Leeson worked 30 successful years for the IBM Corporation in almost every phase. He was a nationally renowned speaker for IBM and, in 1962, wrote one of the earliest books in the industry – Basic Programming Concepts and the IBM 1620 Computer. Leeson also has been a professional performing musician with symphony orchestras like the San Jose Symphony orchestra, New Jersey Symphony, San Francisco Opera and the Mozart Orchestra of San Luis Obispo, to name a few. He has written not only books, but more than 100 technical articles that have appeared in dozens of musical journals including Music & Letters, a leading international journal of musical scholarship published by Oxford University Press in London.
“My books and articles are not for casual reading,” explained Leeson. “I write and enjoy reading historical nonfiction, and my special interest is Mozart.”
Leeson is considered one of America's leading Mozart authorities with his books, The Mozart Forgeries, The Mozart Cache, Opus Ultimum! The Story of the Mozart Requiem and gran Partitta.
Like Leeson, Postman’s works are not for the everyday reader. She creates specialized books that are done in small editions and often produced as one-of-a-kind objects referred to as “uniques.”
“These can be hard to describe,” said Postman. “They are handmade books - literally works of art, and the collectors who buy them treat them as such. They are not just something you take out of a library.”

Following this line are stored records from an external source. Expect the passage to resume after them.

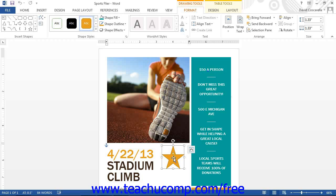Once the shape has been selected, you will see the Format tab of the Drawing Tools contextual tab appear in the ribbon. This tab provides you with several formatting options for the selected shape.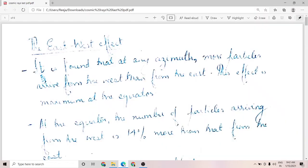Hi students. In this session we are going to discuss two more properties of cosmic rays as part of our syllabus. The first two — latitude effect and altitude effect — were discussed in the last video. In this session we are going to discuss the east-west effect and the longitudinal effect.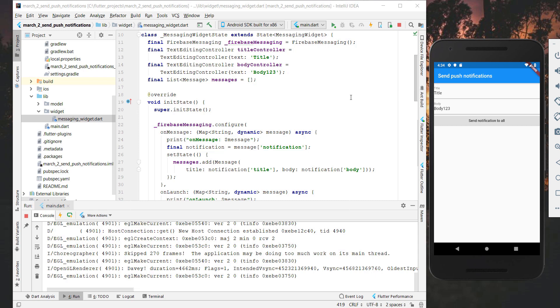After we hot restart our application it should look something like this — we have two input fields and one button.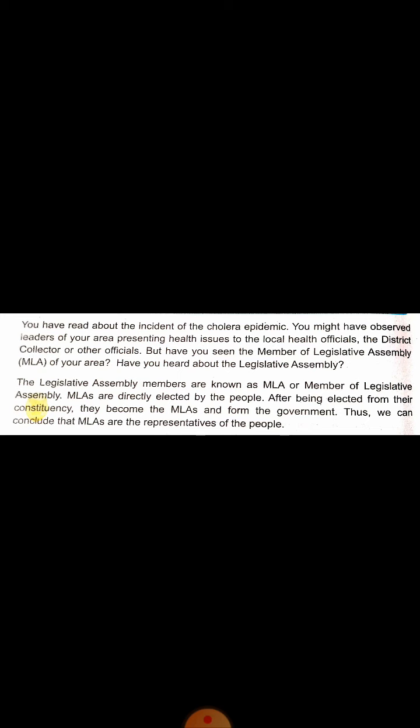In each constituency, the people select their MLA through the voting system. Elections are held every five years. A person must be an Indian citizen, must hold a voter ID card, and must have completed 18 years of age to cast their vote. Through elections we select the MLAs, who are elected directly by the people and are therefore the representatives of the people.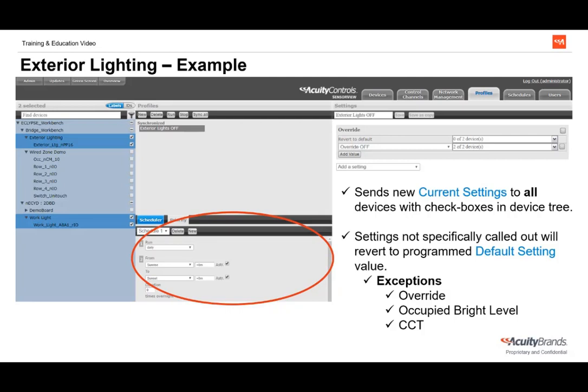At sunset, when this profile expires, the device is instructed to revert to its default setting — which is normal — meaning the lights will come back on. We could add more schedules using the New button if there were additional times we wanted these lights to be off. Remember, there can be multiple schedules for a single profile. We will discuss priority in a separate tutorial.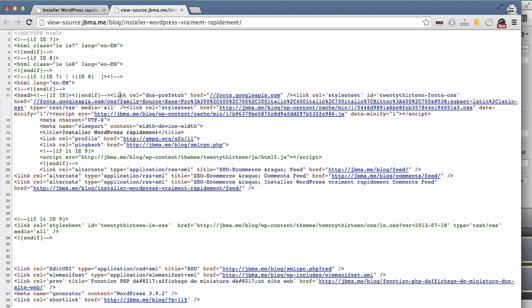You can check there, there is a link with DNS prefetch to my domain. So the domain will be prefetched on the top of the request and this will be quicker.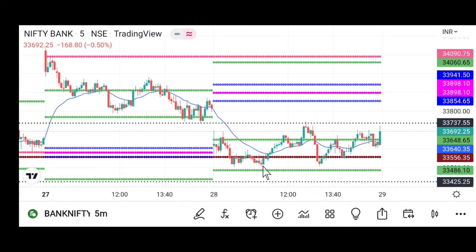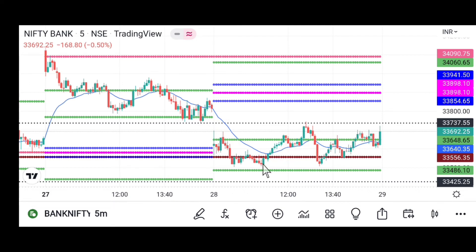After sellers pushed the market down and buyers brought it back up, many traders take a long entry here again. They keep stop loss below the daily pivot and take profit around 2R or the CPR. After that, the market has given around 2R on this trade.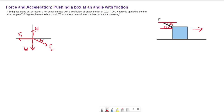So now we have four different forces, and we want to break these up into x and y components. Our normal force and weight are only along the y axis, and friction is only along the x axis. But we do have our applied force, which has both an x and y component.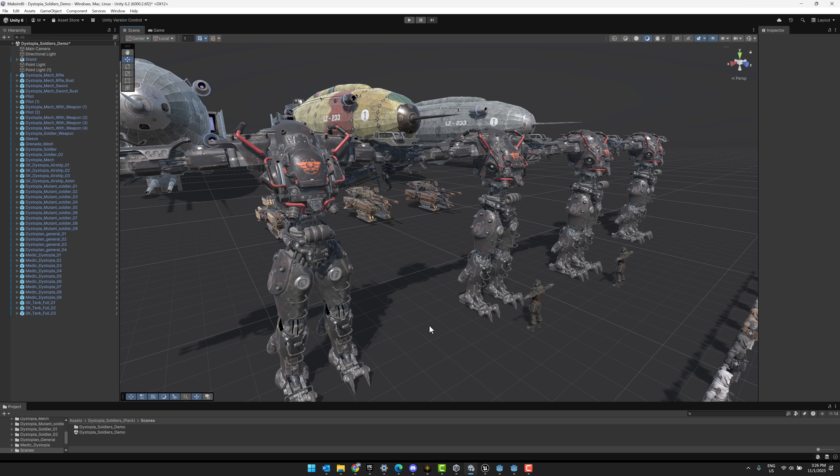So here you've got Unity. This is Unity 6.2 with a dark theme. Parts of it are definitely starting to look a little bit bad. Like, for example, the title bar is not themed with the rest of it.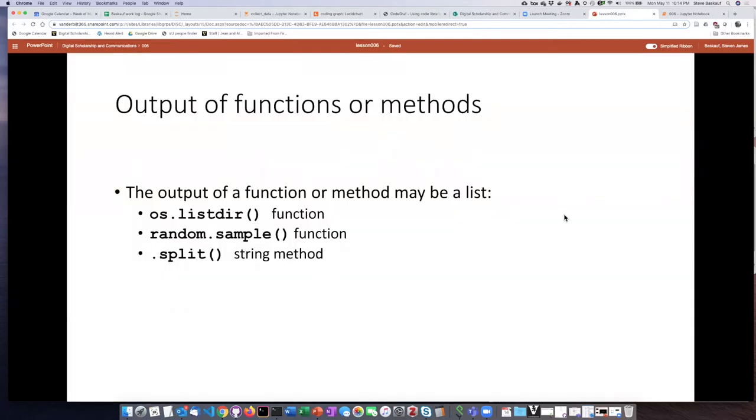One of the ways that a list can be created is as the output of some other function or method, and we're going to take a look at three of these functions or methods that have their return values as lists.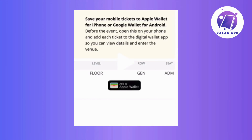Now, before diving in, make sure you've got the Vivid Seats app securely installed on your mobile device. And once you've successfully secured your tickets for that highly anticipated event, it's time to take the next step. Just go launch the Vivid Seats app on your device, where you will be greeted by a user-friendly interface.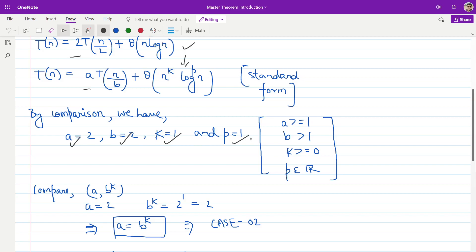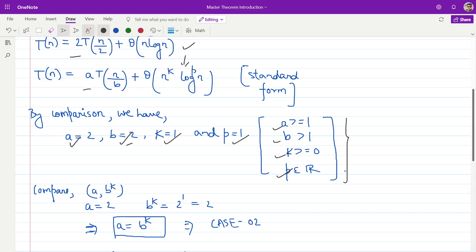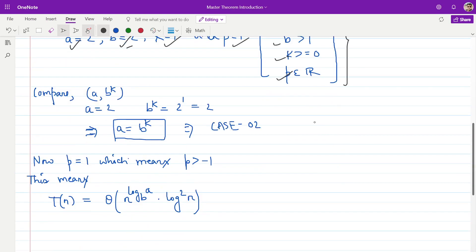In the next step, we will check if the coefficients conform to the constraints. The first constraint is that a should be greater than or equal to 1. In our case it is 2, so constraint 1 is satisfied. The second constraint is that b should be greater than 1. In our case it is 2, so that constraint is also satisfied. The third constraint is that k should be greater than or equal to 0. In our case it is 1, so that is satisfied. Lastly, p should be a real number. p is 1, which is a real number. So all constraints are satisfied, and we can apply Master's Theorem.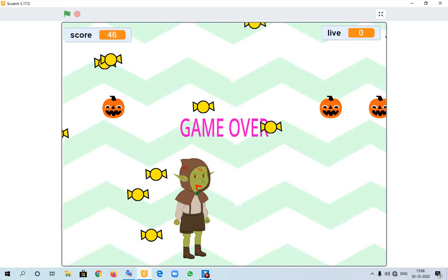And my score is 46 and all it is stopped. So we will consider as the game has been over and my total score is 46. Thank you.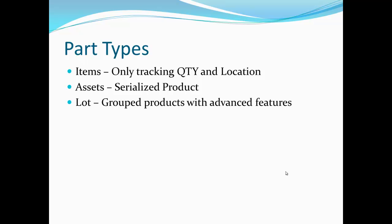Lot-controlled inventory allows you to track a group of products. Lot-controlled product gives you the ability to track things like expiration date and utilize FIFO LIFO features. An example of a lot-controlled product would be food or pharmaceutical products that require strict tracking from start to finish.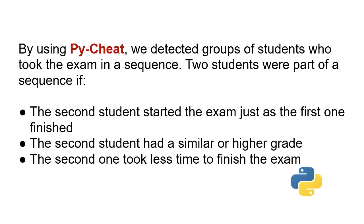Using PyCheat, we detected groups of students who took the exam in a sequence. Two students were part of a sequence if the second student started the exam just as the first one finished, the second had a similar or higher grade, and the second took less time to finish the exam.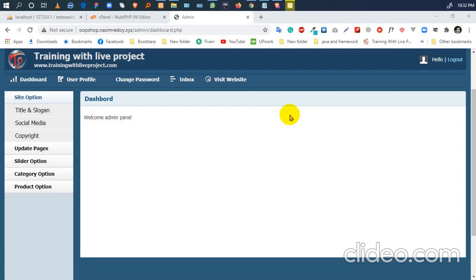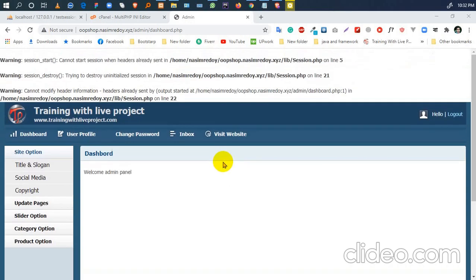Hello guys, what's up? Actually, my project works on localhost perfectly, but when I upload to cPanel, I just face this problem: I can't start my session. It seems like it cannot start session when header already sent.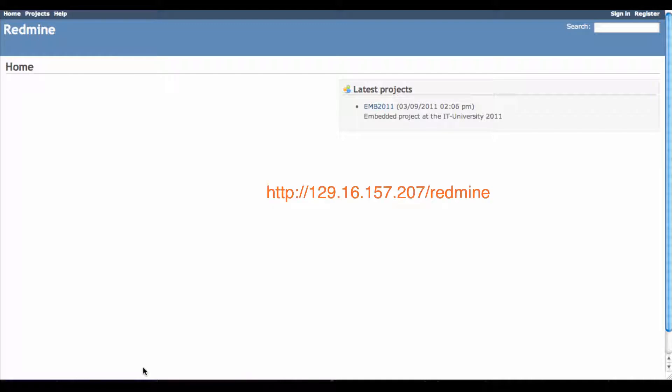First, what you're going to have to do is go to the URL address 129.16.157.207.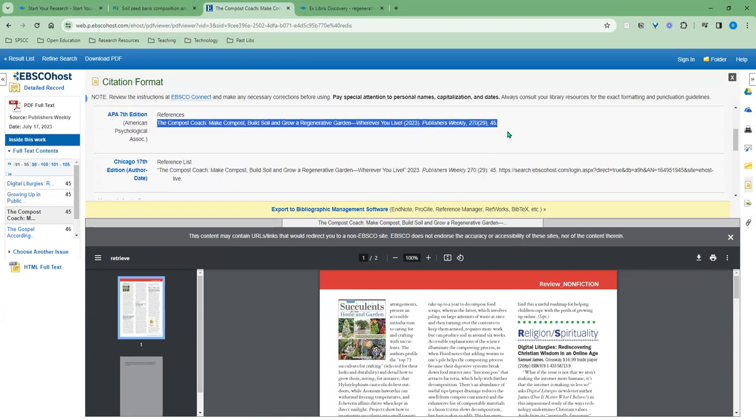As with any automated tool, these auto-generated citations are not always 100% accurate and can benefit from looking closely and making sure that it matches to the style's specifications, but these will get you about 90% of the way there to having an accurate citation.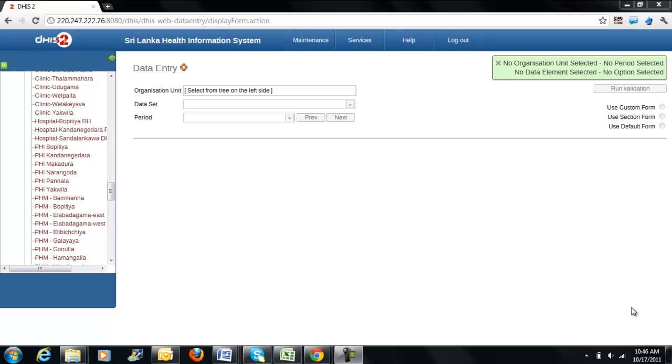Welcome to DHIS2 training video. In this video, I will demonstrate to you how to enter data into a data entry form.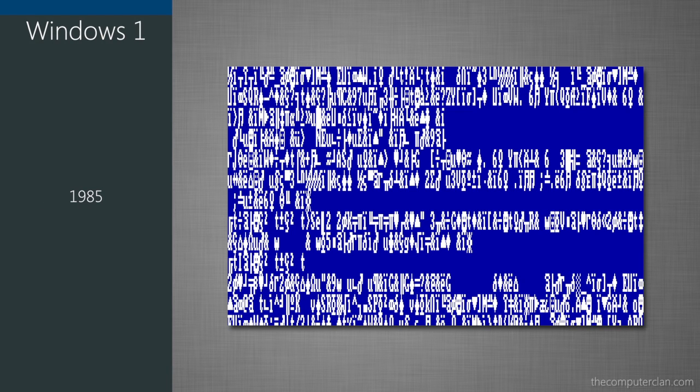Believe it or not, the first version of Windows actually had a Blue Screen of Death crash error. However, this was not a formatted screen and it was not really that helpful for users.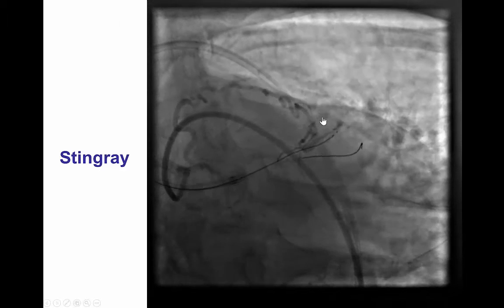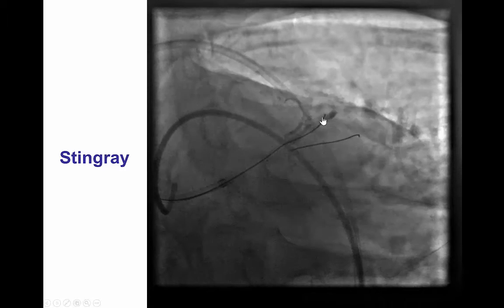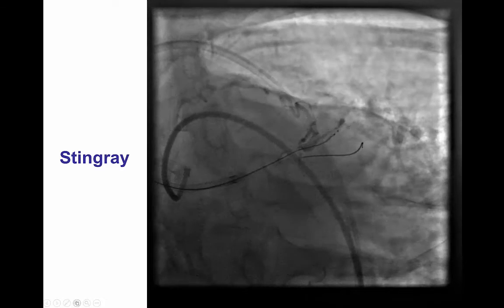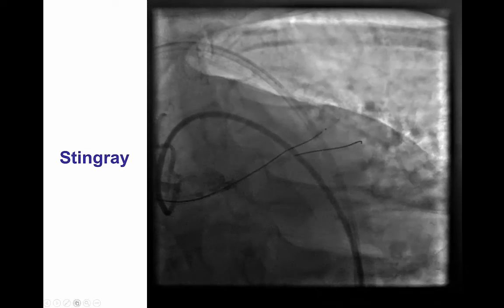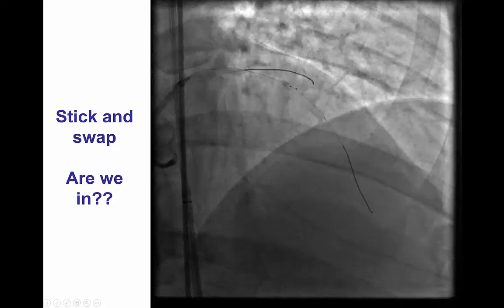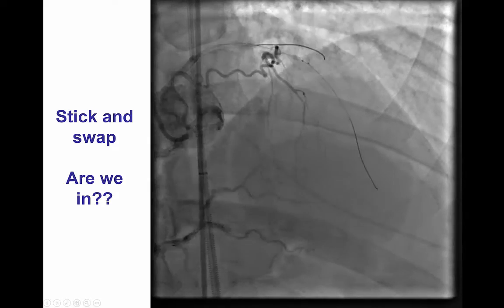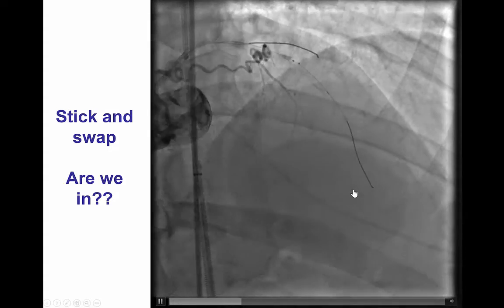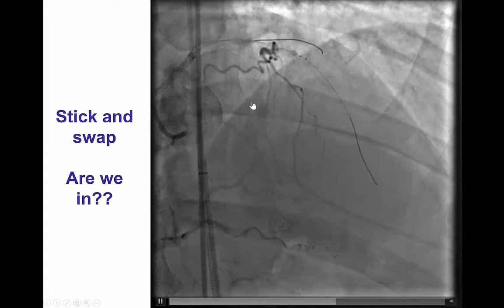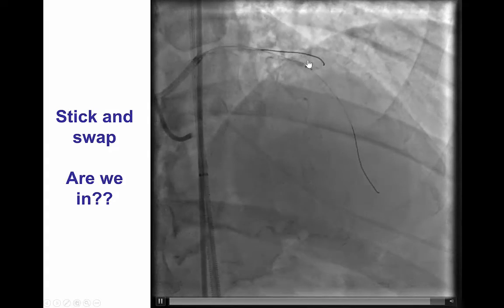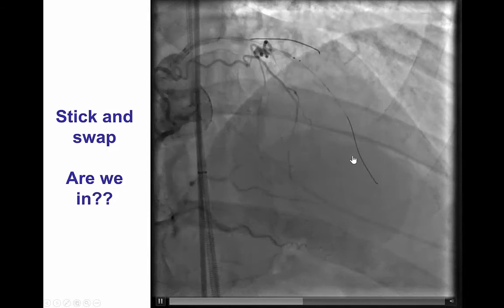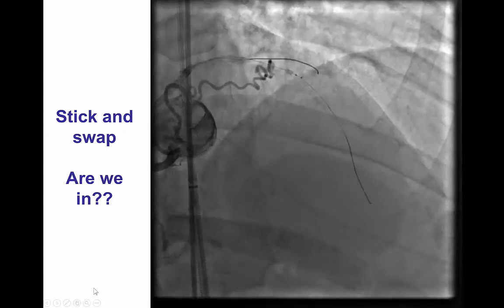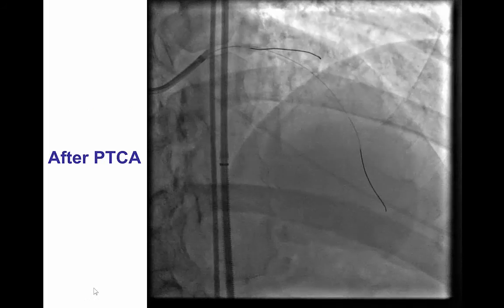After doing that, we tried to re-enter using a Stingray system. You can see the Stingray wire exiting from the side ports of the Stingray in between the two markers. Then, by using the stick and swap technique with the Stingray wire followed by a Pilot 200, we were able to advance the guide wire into the anticipated course of the LAD. However, the problem here is that in the dissection, the antegrade flow had now ceased. We were able to advance the wire into various branches and were fairly confident that the wire was in the vessel.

Postman was a letterpress printer for 50 years, so she began creating these books herself with artist Bonnie Stone who did the illustrations. Together they did the entire printing process themselves and then would sell their masterpieces. The True Collector, for example, was a handmade book put together alphabetically about particular things people collect with a short essay on each letter. Postman and Stone only created 100 copies, which sold out among places such as The Woodland Museum in New York and The Art Institute of Chicago.
“The entire process of these literary pieces of art coming together is like watching your child grow,” said Postman. “The end result brings tremendous satisfaction and pride. It’s work, but it’s also great pleasure.”
Postman has gone to the Litquake event in San Francisco previously, and she looks forward to attending this one, offered right next door to her home, to celebrate all kinds of literature.
“We are proud to have such renowned and accomplished authors, like Dan and Frederica, living here at Moldaw,” said Miki Raver, lifestyles services director at Moldaw Residences. “And we’re thrilled to be connected with the JCC offering this Litquake Palo Alto event for the second year. It’s a great opportunity for our residents and the community to enjoy!”